Before his arrest in August on alleged charges of “collusion with foreign forces,” Lai admitted he was prepared to go to prison for his beliefs.

“I’m prepared for [that]. If it comes, I will have the opportunity to read books I haven’t read. The only thing I can do is to be positive,” he told the AFP news agency.

The facts:

  • Lai faces three charges, including taking part in the June 4 vigil to commemorate the student-led Tiananmen Square protests in 1989, which was banned in Hong Kong this year.
  • The protest movement holds an annual event to remember the victims of a brutal crackdown in Beijing by People’s Liberation Army troops.
  • He has also been charged with breaking the national security law, which carries a maximum sentence of life imprisonment. 
  • Lai was granted bail of HK$10 million or US$1.3 million.
  • The terms include surrendering his travel documents, a ban on meeting foreign officials, publishing articles, posting on social media and giving interviews.

What was said: Justice Alex Lee Wan-tang summed up his decision to reject the prosecutions’ “application” to reject bail when he said: “I don’t have the jurisdiction [to grant the application].”

Reaction to the news: Back in August, Human Rights Watch illustrated the hardline approach that Beijing has taken against Hong Kong. “The national security law creates deliberately vague offenses that can be conveniently applied to those who dare to criticize Beijing.

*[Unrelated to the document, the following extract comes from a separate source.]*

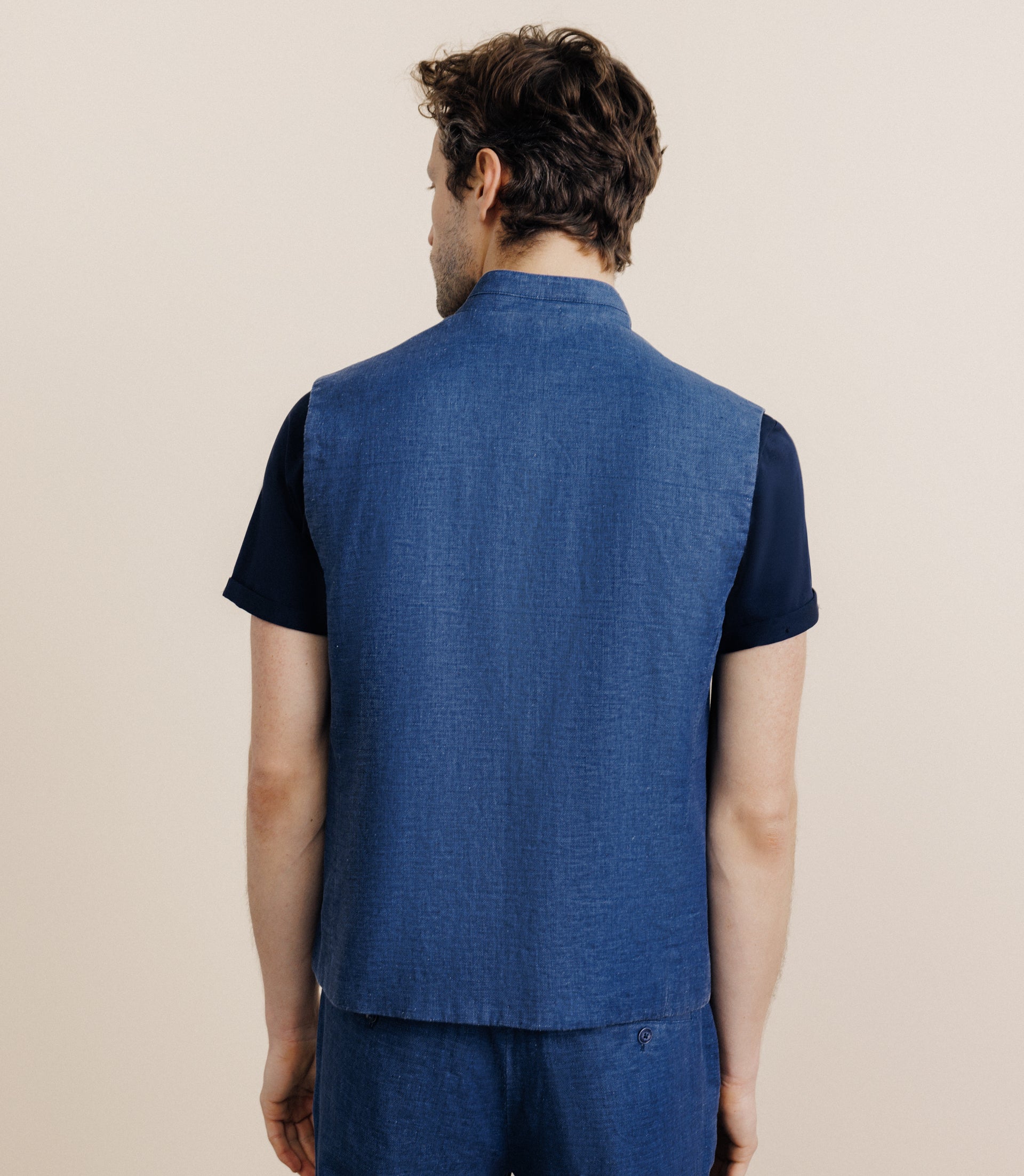 Indigo sleeveless jacket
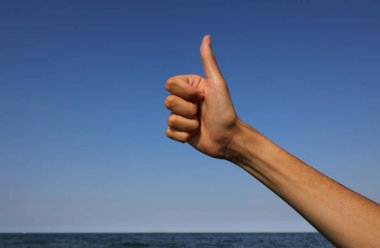 hand with thumb up indicating Ok okay perfect success the sea in the background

These include elastic concepts like ‘colluding with foreign elements,’ calling for sanctions, or engaging in ‘hostile activities’ against the Hong Kong or Chinese governments,” Elaine Pearson, the Australia director of Human Rights Watch, said.

China Factor comment: Critics have argued that the oppressive security law has strangled the city’s basic rights and freedoms. They were guaranteed under the “One Country, Two Systems” agreement after Hong Kong was handed back to China in 1997, ending 156 years of British rule. But pro-democracy demonstrations last year and anti-Beijing unrest prompted President Xi Jinping’s administration to force through hardline legislation with minimal consultation. Since then, a media crackdown has come into force, while pro-democracy campaigners, such as Lai, have been rounded up. “The public searches of the media offices have had a shocking effect on the industry … freedom of the press and expression are at stake,” the Hong Kong Democratic Party said in a Facebook post.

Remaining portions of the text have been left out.